エリノアの言葉を聞いてウィルフリッドの瞳に希望の色が宿る。
「ですが、わたくしがお慕いする方と結ばれたいという気持ちに変わりはありません」
「っ! まさか、エリノアにはもう既にそういった殿方がいるのだろうか?」
ウィルフリッドの瞳が再び翳る。
「あ、……いえ。そういう訳ではありませんわ」
否定したエリノアにウィルフリッドがホッと息を吐く。
「ウィルフリッド王太子殿下がナターシャ様ではなく、わたくしを好いていると仰るのなら、わたくしが納得出来るまでお時間を頂けますか? 気持ちを整理させたいのです」
「……あぁ、勿論だ」
ウィルフリッドが頷く。
「それでも、わたくしがウィルフリッド王太子殿下の婚約者でいられないと感じた時は婚約破棄して頂けますか?」
「なっ! 何故だ!?」
「……わたくしの夢はお慕いする方と結ばれることだからです。貴族社会でそのような我儘が許されるとは思いません。ですからその時はやはり、未来の旦那様を探す旅に出たいと考えます」
それはエリノアが貴族という身分を捨てでも叶えたいことなのだと、ウィルフリッドはエリノアの真剣な眼差しを通して理解する。

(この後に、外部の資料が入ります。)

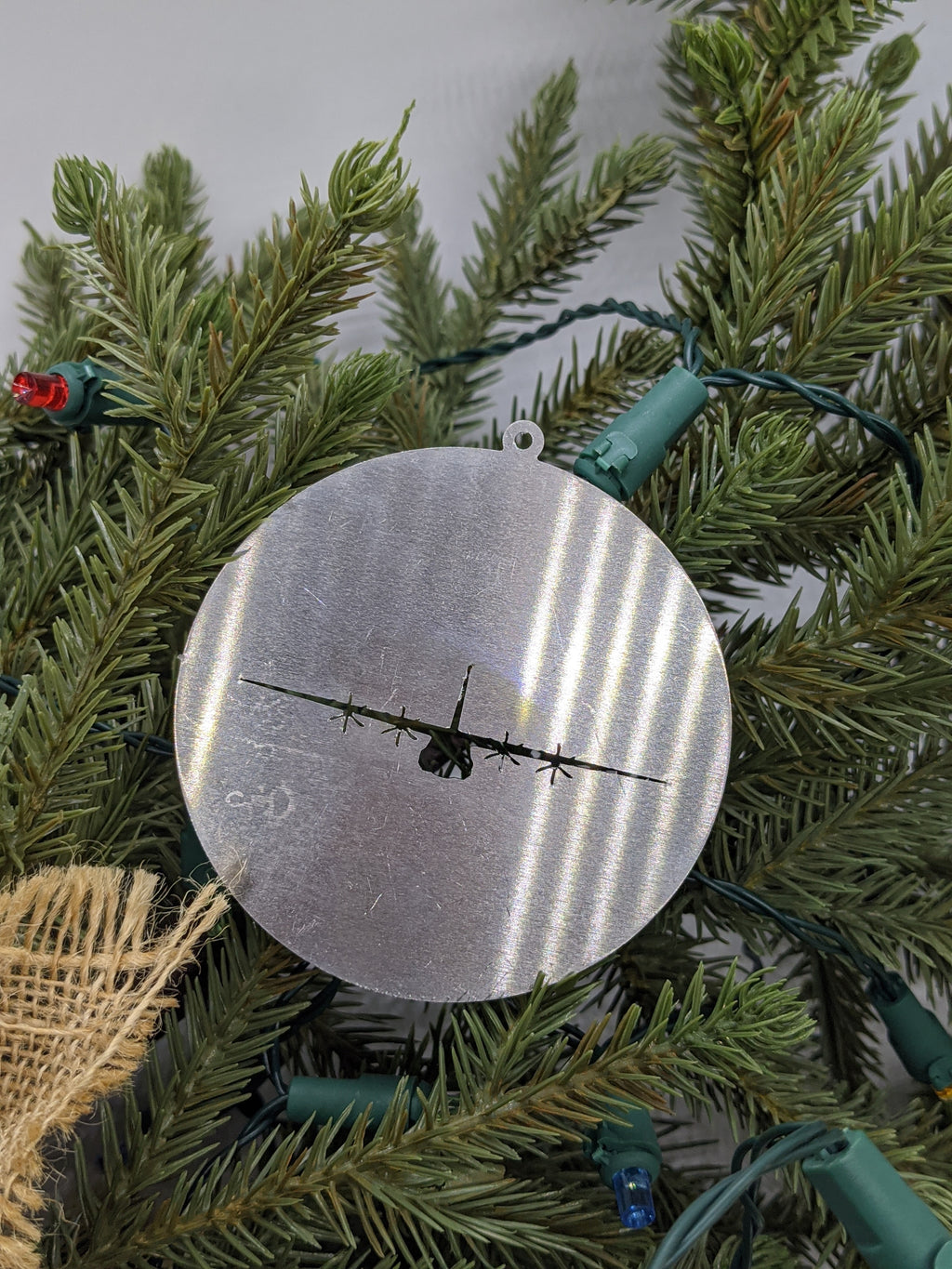 C-130J Christmas Ornament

少しの間を置いて、ウィルフリッドが「……分かった」と頷いた。
「本当ですか?」
まさか、こんなにあっさり了承してもらえると考えていなかったエリノアは驚きで目を見開く。
「あぁ。私が君の心を落とせば何も問題もない。そういうことだろう?」
「えっ? お、おおお、落とす!?」
予想外の言葉に顔を赤らめながら更に驚くエリノアの手をウィルフリッドが掬い上げる。
「エリノア、これからも改めてよろしく頼むよ」
そう言うと、ウィルフリッドはエリノアの手の甲に優しく口付けた。